# 1967 gto am/fm radio original



## lou (Aug 7, 2021)

hello everyone i have been on a search for a am/fm radio for my 67 gto, i do have a am in there now, would anyone have a line to get one for my car thanks guys as always.


----------



## O52 (Jan 27, 2019)

Not cheap and not pretty.









1967 67 PONTIAC GTO LEMANS TEMPEST OEM GM DELCO AM-FM RADIO SERVICED W/ WARRANTY | eBay


Original 1967 Pontiac GTO Lemans Tempest Delco GM am-fm radio. Case shows surface rust all sides but does not affect usage.



www.ebay.com













1966 67 gto pontiac lemans factory am fm radio | eBay


Find many great new & used options and get the best deals for 1966 67 gto pontiac lemans factory am fm radio at the best online prices at eBay! Free shipping for many products!



www.ebay.com













1966 66 PONTIAC GTO LEMANS TEMPEST OEM GM DELCO AM-FM RADIO SERVICED W/ WARRANTY | eBay


Original 1966 Pontiac GTO Lemans Tempest Delco GM am-fm radio. Has been serviced and carries a 6 month written warranty. Slide bar, tuner wand and pushbuttons all work smoothly.



www.ebay.com


----------



## Jetzster (Jan 18, 2020)

Depends , if you want OEM ones which can be very pricey you can see ebay for some
Or converted repro units on there like for instance at *mikehaganantiqueautoradio *


----------



## lou (Aug 7, 2021)

lou said:


> hello everyone i have been on a search for a am/fm radio for my 67 gto, i do have a am in there now, would anyone have a line to get one for my car thanks guys as always.


thanks guys


----------



## GTOTIGR (May 3, 2020)

Hi lou,

Here’s one advertised on Craigslist.









1967 Pontiac GTO Original Delco factory AM/FM STEREO Radio - auto...

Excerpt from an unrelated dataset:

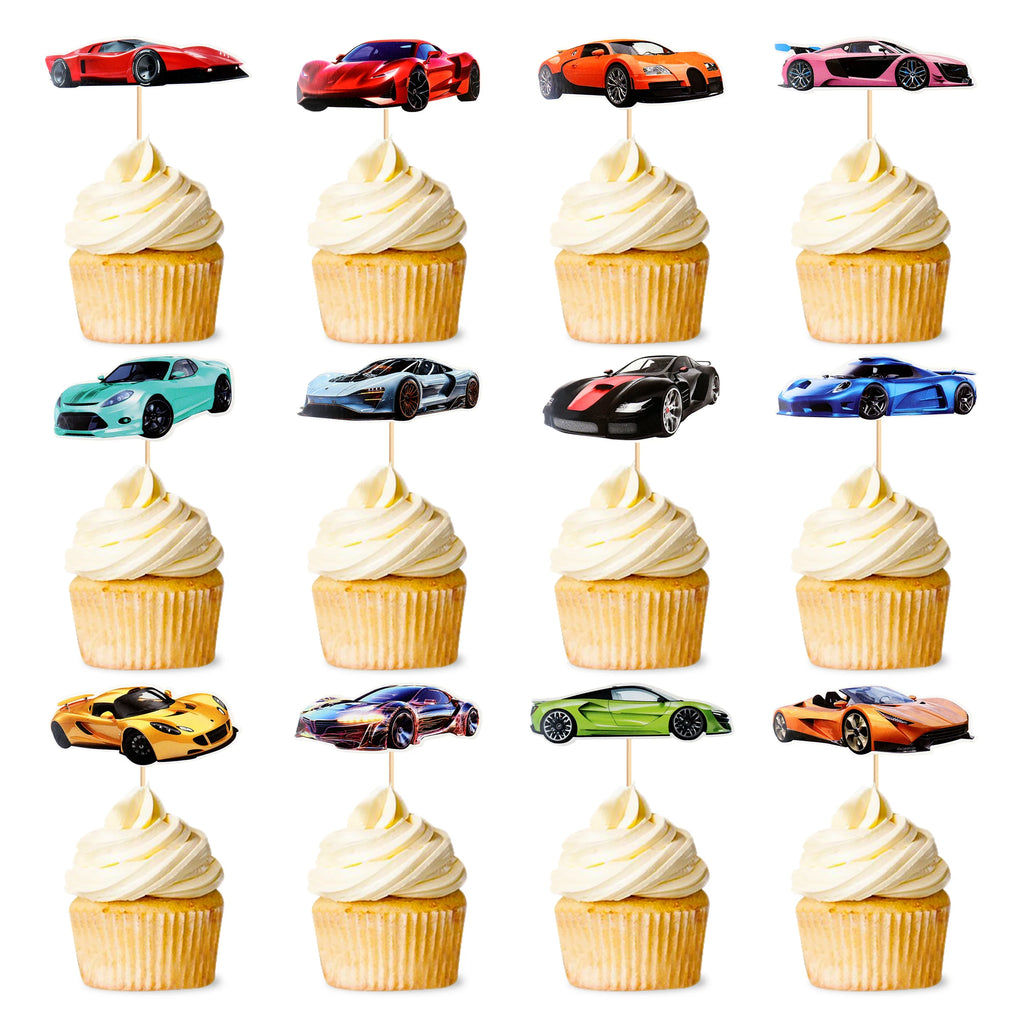 12pcs Racing Car Cupcake Toppers Racing Car Theme Cake Decoration Baby Shower Kids Boys Girls Racing Car Birthday Party Supplies
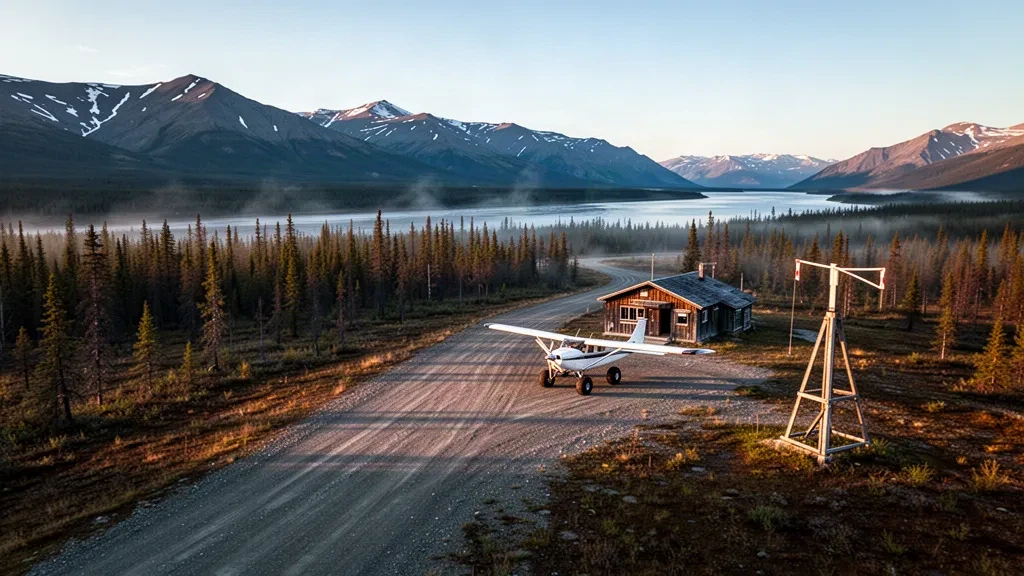 Gravel runway, small timber terminal and a parked bush plane at remote Grayling Airport in Alaska under warm golden evening light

1967 Original Delco factory AM/FM STEREO Radio for 1967 Pontiac GTO, Lemans and Tempest. This is a full size 1967 Pontiac STEREO radio that has been converted to work in the 1967 GTO and Tempest....



cleveland.craigslist.org


----------



## lou (Aug 7, 2021)

I like to change out the front speaker with a dual speaker anyone have a better way of doing this task any pictures ty


----------



## lou (Aug 7, 2021)

Jetzster said:


> Depends , if you want OEM ones which can be very pricey you can see ebay for some
> Or converted repro units on there like for instance at *mikehaganantiqueautoradio *


----------



## lou (Aug 7, 2021)

thanks guys radio wont be available till mid march


----------



## lou (Aug 7, 2021)

hello so I guess ill ask again, is there a 67 gto am/fm radio out there for sale, I know I asked figured I ask the repo are not due till late February again thanks guys...


----------